- Opening Delimiter -

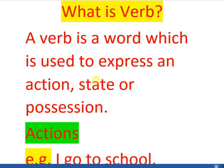In this video we are going to talk about verbs. Basically, a verb is a word which is used to express an action, state, or position. So verb has three functions: the first one is action, the second one is state, and the third one is position. Let's go through them one by one.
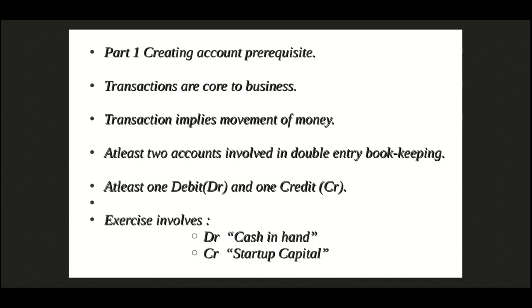A transaction is a process of recording movement of money between two or more accounts. In double entry bookkeeping, at least one account is debited and at least one account is credited. Debit is often denoted by DR and credit by CR. Let's take a simple example.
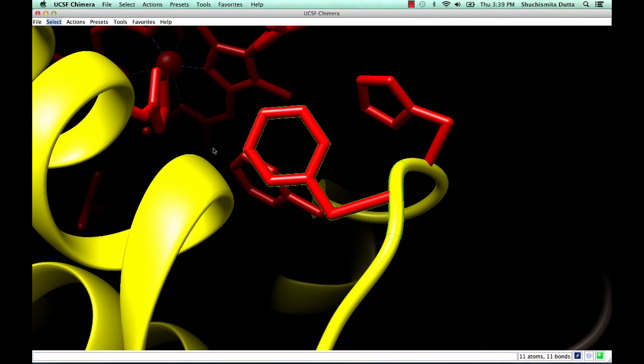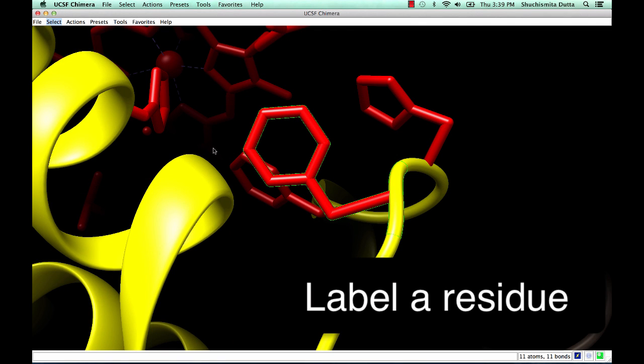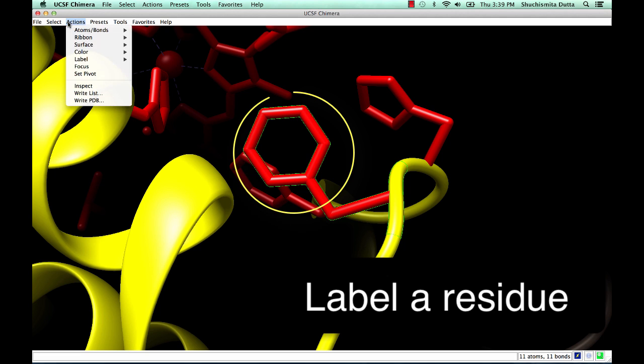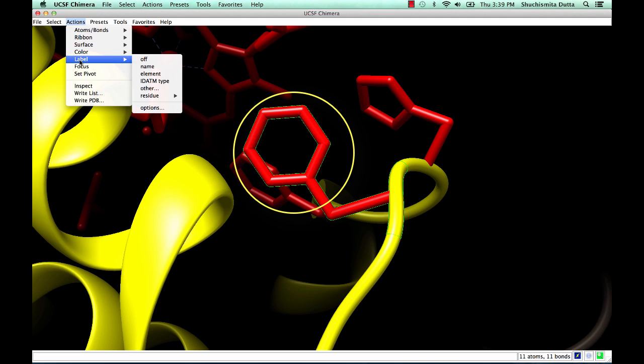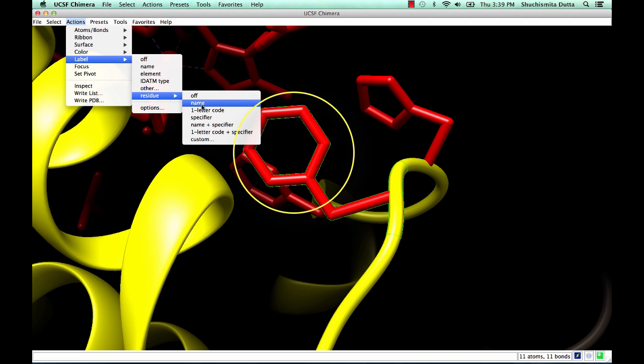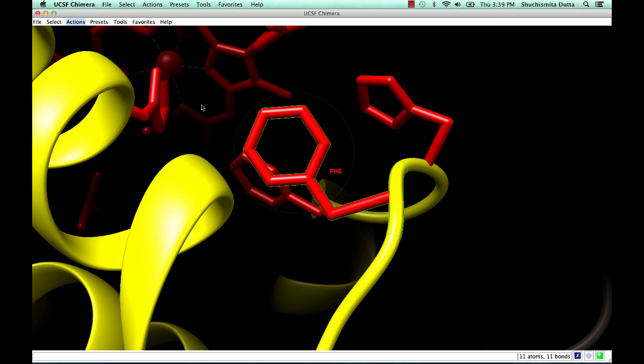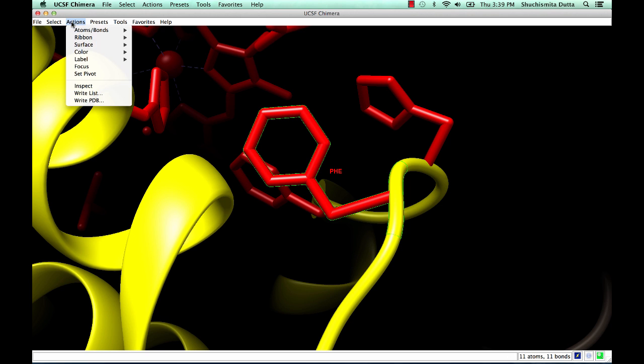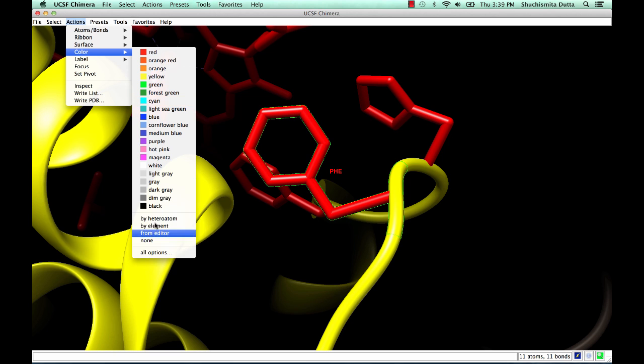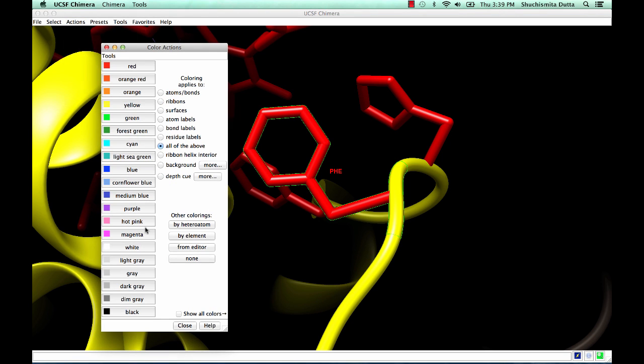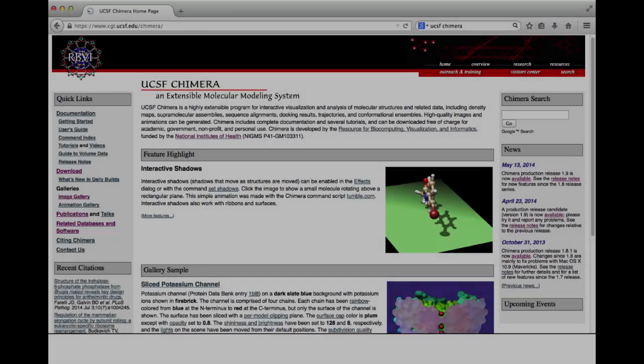To label a residue that you have selected, click on the Actions Label Residue Name option, and the residue label will show up. You can change the color of this label using the Color menu, specifically by changing the residue label color.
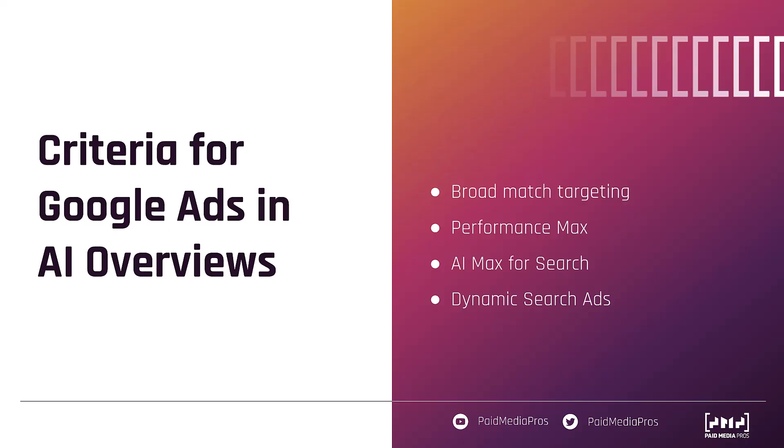Performance max currently has a campaign experiment option within Google ads. So does broad match targeting and AI max for search is going to be coming out soon. Dynamic search ads don't know if there's exactly a campaign experiment for you to roll out for that, but you could easily set up a campaign, give it a low budget, see how it performs. Overall, I think it's always important to stay up to date in what's changing in Google's ad offerings, but also to be weary of automatically opting into anything new that it rolls out.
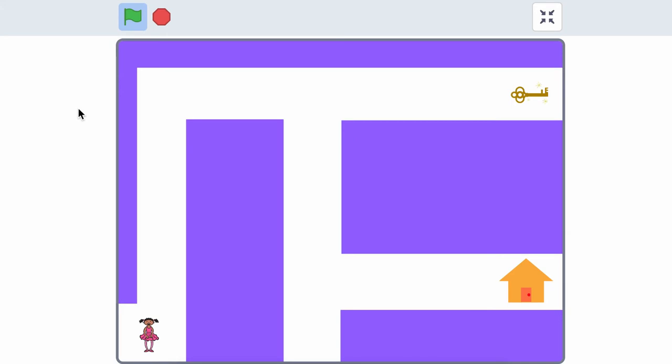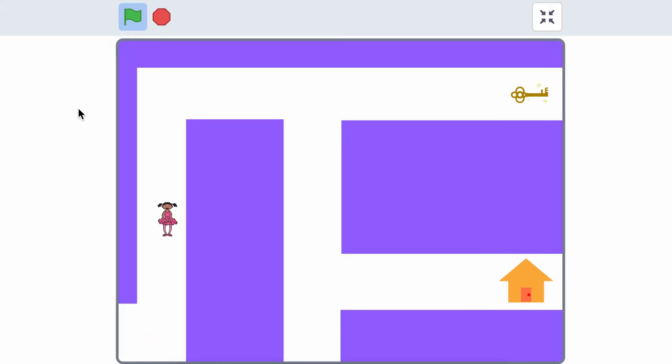If your project has walls or other obstacles, the touching color block can be used to make sure a sprite can't walk through the walls.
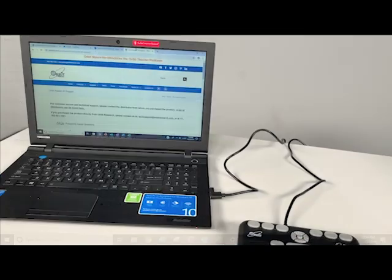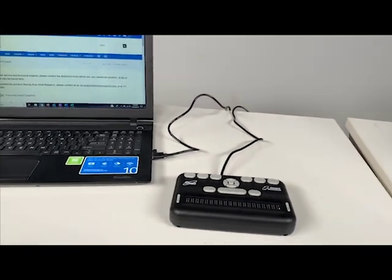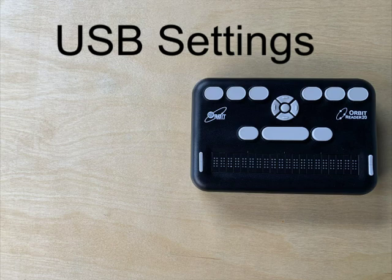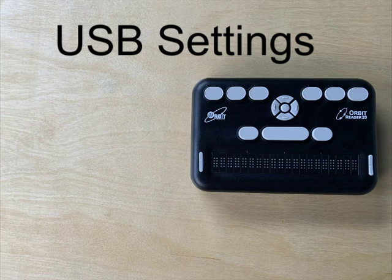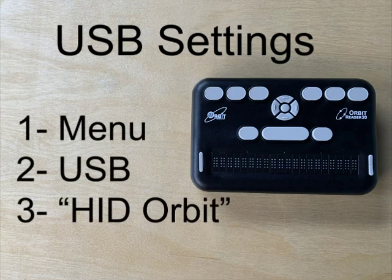Your Orbit Reader 20 can connect to your PC by USB connection. To connect with USB, ensure that your USB setting is set to USB HID Orbit protocol on the Orbit Reader 20. To check, go to the menu, then USB, and then select HID Orbit.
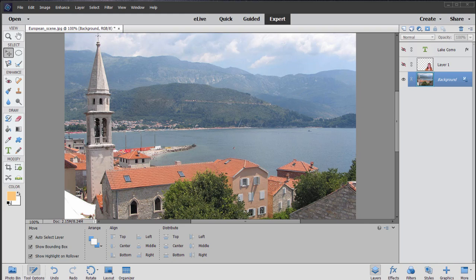The hardest thing about teaching basic training with Photoshop Elements is it's kind of like teaching guitar. What do you want to play? Do you want to play rock guitar, classical guitar, Spanish guitar, blues guitar? There are so many different directions you can go with Photoshop Elements and Premiere Elements.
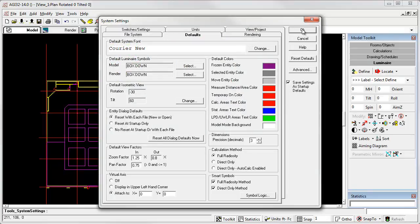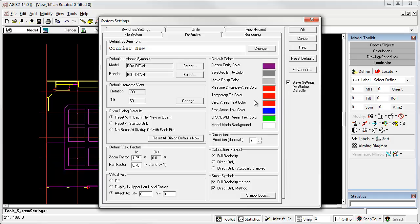Other colors are not recommended as you may run into conflicts with some of the default colors AGI32 uses for various entities. This may leave you trying to change other colors with frustration usually the end result.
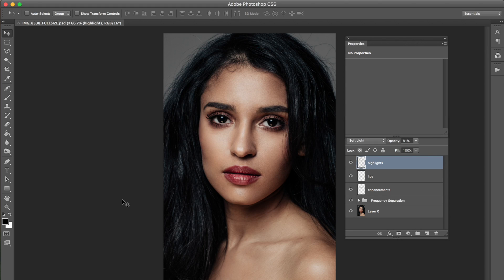Okay so the next thing that we are going to do with this photo is get rid of those flyaways because they gotta go. They just gotta go.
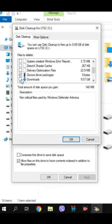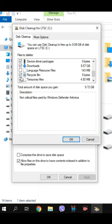I clean my PC regularly, that's why this amount is so small. You may have many gigabytes here. Click OK and enjoy!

- Closing Delimiter -

**Exercise objective**
Nothing but the lines from the one containing "Performance max currently" through the last line of the records should appear in the copy, exactly as written and without pictures.

**Answer to the exercise**
Performance max currently has a campaign experiment option within Google ads. So does broad match targeting and AI max for search is going to be coming out soon. Dynamic search ads don't know if there's exactly a campaign experiment for you to roll out for that, but you could easily set up a campaign, give it a low budget, see how it performs. Overall, I think it's always important to stay up to date in what's changing in Google's ad offerings, but also to be weary of automatically opting into anything new that it rolls out.
If your project has walls or other obstacles, the touching color block can be used to make sure a sprite can't walk through the walls.
Your Orbit Reader 20 can connect to your PC by USB connection. To connect with USB, ensure that your USB setting is set to USB HID Orbit protocol on the Orbit Reader 20. To check, go to the menu, then USB, and then select HID Orbit.
The hardest thing about teaching basic training with Photoshop Elements is it's kind of like teaching guitar. What do you want to play? Do you want to play rock guitar, classical guitar, Spanish guitar, blues guitar? There are so many different directions you can go with Photoshop Elements and Premiere Elements.
Other colors are not recommended as you may run into conflicts with some of the default colors AGI32 uses for various entities. This may leave you trying to change other colors with frustration usually the end result.
Okay so the next thing that we are going to do with this photo is get rid of those flyaways because they gotta go. They just gotta go.
I clean my PC regularly, that's why this amount is so small. You may have many gigabytes here. Click OK and enjoy!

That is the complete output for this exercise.